En “Pasaje”, dedicado “a la memoria de mi abuela Blanca”: “Escogí / para mi voz // tener la suya”. En “Ocumare”, la niñez, la muerte y el mar.
“Devociones” nos retrotrae a lo más humilde y cotidiano, siquiera sea en sentido religioso. Ese es el ámbito en que Pantin se mueve, y no me refiero ahora al restringido plano de las creencias sino al de la naturalidad. Cuando habla, por ejemplo, del “mijao” (el anacardium excelsum). Y ya que lo menciono, bien está subrayar la importancia que aquí tienen no sólo el paisaje y el paisanaje venezolano de esta región interior, sino también las palabras que usa para nombrarlos: los venezolanismos. Léase “El parque”.
Volviendo a la familia, en “Guerrero” escribe: “El alma / de esta casa vive / detrás / de los retratos”. Añade: “Es un dragón albino”. Termina: “No se inmuta / cuando nos cruzamos / porque está / protegido”.  En “Varones”: “Todas las mujeres / tienen algo / que contar. // Todas las historias / están enterradas”.
“La vista” (y antes, “Anhelo”) se funda en el poder de la mirada. En “Los temores”, “Y es que el miedo / no termina de saciarse // porque come / de un adentro / vulnerable”.
A veces se aproxima a la forma del haiku. Como “Certeza”, pongo por caso.
“Portal” es un poema precioso donde se canta la sencillez. Sí, “El hombre que vende / agua de coco”, por lo que dice ella, “es un Señor”. Lo mismo que “Arcilla”, que cierra la primera parte del libro: “Casi todo lo que importa / está encerrado y es natural / que no se manifieste”. Tal un secreto.
La segunda parte está formada por poemas sin título, más breves aún, más afilados. Su tono es por momentos metafísico. Y alegórico. Cercanos a lo aforístico.

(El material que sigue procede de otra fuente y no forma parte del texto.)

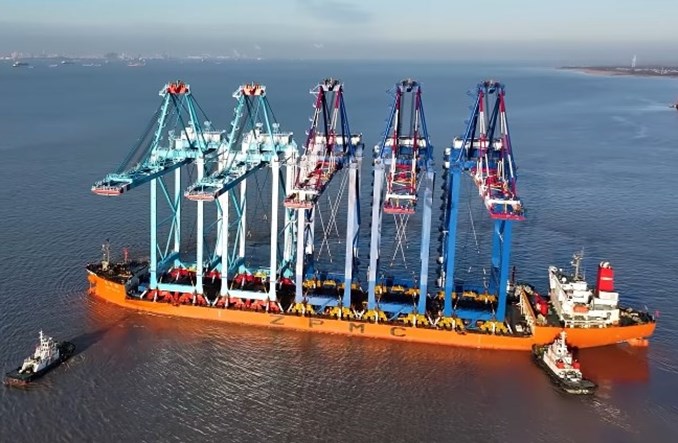 Kolejne suwnice dla Baltic Hub w drodze do Gdańska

También desde el principio encontramos otro motivo recurrente que no deja de repetirse a lo largo del volumen. Me refiero a la reflexión acerca de la propia poesía. Para Pantin, “Es un vaso // que no se puede llenar”. Hay numerosos poemas, en ambas partes, centrados en ese asunto: “Lear”, “Descubrir”, “Frágil” (“por un sendero de vidrio”)... Leemos: “Un poema no puede irse / por las ramas, // busca / ciego / el centro / donde arderá”. O: “Pensé que la poesía / era en abstracto, // pero en concreto, / la poesía es espíritu” (que es uno de los poemas de esta segunda sección). Todo se concibe “por intermediación de la poesía”.
Dentro del conjunto encontramos trece brevísimos (dispuestos de dos en dos en la página, arriba y abajo) que podrán pasar por anotaciones o epifanías: “Al callejón mental / con los caballos”. Allí, animales y árboles. Pájaros que cantan. Y la luz “inasible”, esto es el trópico: “Buenas tardes, / preciosa luz”.
Lo popular, con aires de canción, es ostensible. En el poema “La verdad”, por ejemplo, y sus siete partes. En otro dice: “No hay nada heroico / en seguir la canción. // No puede ser de otra manera. // Es el curso del río / natural y cristalino // que fluye”. Y: “¿Qué podemos / los sordos / en la hora de la canción”.
“Una, lo que ha hecho en la vida es caminar escribiendo, avanzar escribiendo, sin tener ningún destino sino el hacer desprendido”, ha comentado Pantin en una entrevista. Y: “Mi viaje ha sido de exploración interior, buscando lenguaje y palabras que puedan comunicar un cierto estado, un pensamiento, una percepción, una intuición”. También: “Con la poesía se puede decir lo que no se sabe. Lo que tú no sabes y lo que nadie sabe. Esa es la fuerza que tiene la poesía”. Para muestra, este protegido dragón.
 
El dragón protegido
Yolanda Pantin
Pre-Textos, Valencia, 2021. 92 páginas. 16 €

NOTA: Esta reseña se ha publicado en la revista EL CUADERNO.